This photo was taken 41 years ago this month while backpacking in Rocky Mountain National Park (RMNP) with friends. We had just finished our freshman year at Colorado State University, and were ready to celebrate before scattering for the summer. It was warm and sunny the day we left, and we could see for miles, with hardly a cloud in the sky. How deeply good it feels to exchange a mental burden for a physical one, to walk off the inner sludge that final exams cause to accumulate, and to finally be able to greet spring with exuberance and open arms.

Taking to the mountains is a kind of spring-cleaning for the soul.

We hiked up to 11,000 feet to base camp among the fir and spruce at Lawn Lake in the Mummy Range. We were the only ones there. After making camp in mid-afternoon, we hiked around the lake, wished for fishing poles, had a leisurely dinner, and planned out our route to, weather-permitting, summit the Mummy, and, with luck, even Chapin, Chiquita, and Ypsilon mountains the next day depending on their snow cover. When you have grand plans in the mountains, you go to bed and get up early. We were bedded down before dark.

The RMNP website expressly warns about the vicissitudes of the wilderness: “Plan ahead and prepare: Plan your trip carefully. Prepare for extreme weather.” And for good reason. I can recall a July day backpacking in the park’s Never Summer range when a cloudless sky on a high plain at lunchtime became a menacing black, cold, and lightning-laced fury within the hour. We were caught high and unsheltered, forced to abandon our packs, spread out, and squat low on our haunches while the booming thunder shook the ground. I was 15, and my cheery camp counselor told the others to stay away from me, because with my mouthful of braces, the lightning would seek me out first. To this day I don’t know if she was serious or teasing. I remember finding the storm curiously invigorating-I was afraid and awed at the same time.

While sleeping the deep sleep of a college student freshly emancipated from classes and exams, the night got colder. Much colder as it turns out. We awoke around 4 a.m. when there was a muffled thump, and my tent-mate and I were immediately pinned inside our tent and sleeping bags. What in the world? I could just wriggle my arms free to push against the weight and find a flashlight. Imagine our surprise when, unzipping the tent fly, there was 3 feet of snow up the sides of the tent, the snow from the spruce having dumped with a tent-collapsing thud. Oh Oh. We were NOT prepared for snow, much less a blizzard of wet, heavy snow. Of course, back then, there were no cell phones or emergency GPS gizmos. The snow was already up to our knees, and it was steady. We could wait it out, or get out before it got deeper. We hoped, by going down, the snow would abate. So, by 4:30 a.m. we were packed and headed out by flashlight. It was a slog, sometimes the snow up to our hips. But, by noon, we were safely down, and headed into Estes Park for hot coffee and the best waffles the world has ever known.
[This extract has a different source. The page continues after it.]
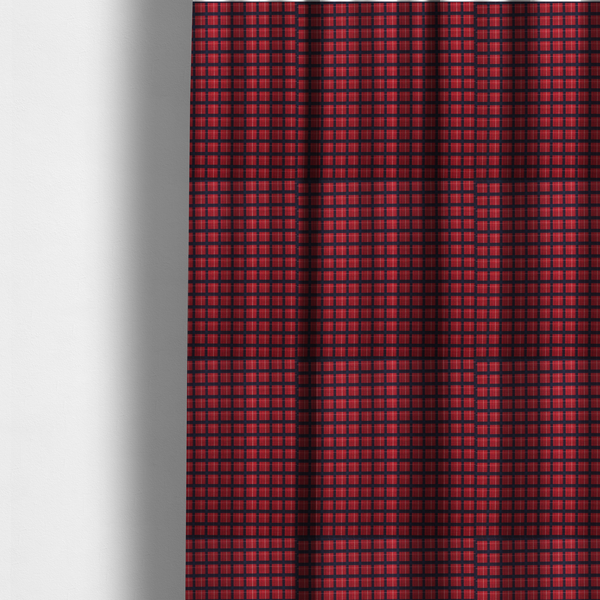 The fabric used to create these made-to-measure curtains is a bold red and navy plaid fabric featuring a structured checked pattern with prominent dark navy grids, vibrant red blocks, and subtle white pin lines.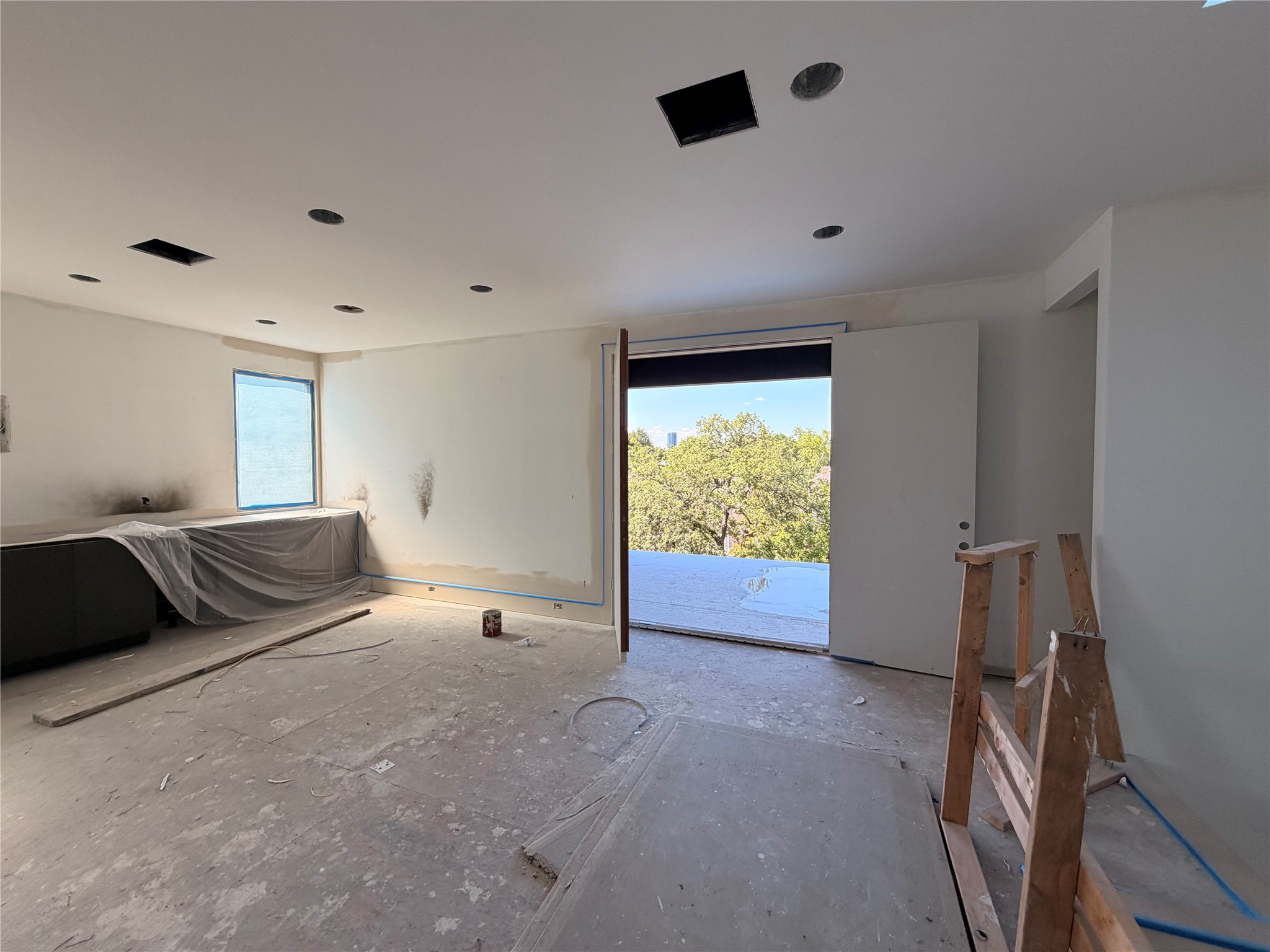Gameroom looking out to third story terrace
The wilderness of life has its own storms. Illness. Job loss. Poor decisions coming back back to bite us. Weather disasters. Family strife. One night we lie down in peace and happy anticipation, only to be slammed awake, smothered by the fear, anxiety, and panic of an unexpected storm. The Bible has a consistently affirming message: “Do not be afraid.” “I will never leave you.” “God is the strength of His people, and a refuge in times of trouble.” I can’t promise that the outcome is always as good as hot coffee and waffles. Knowing God, it will be far, far better.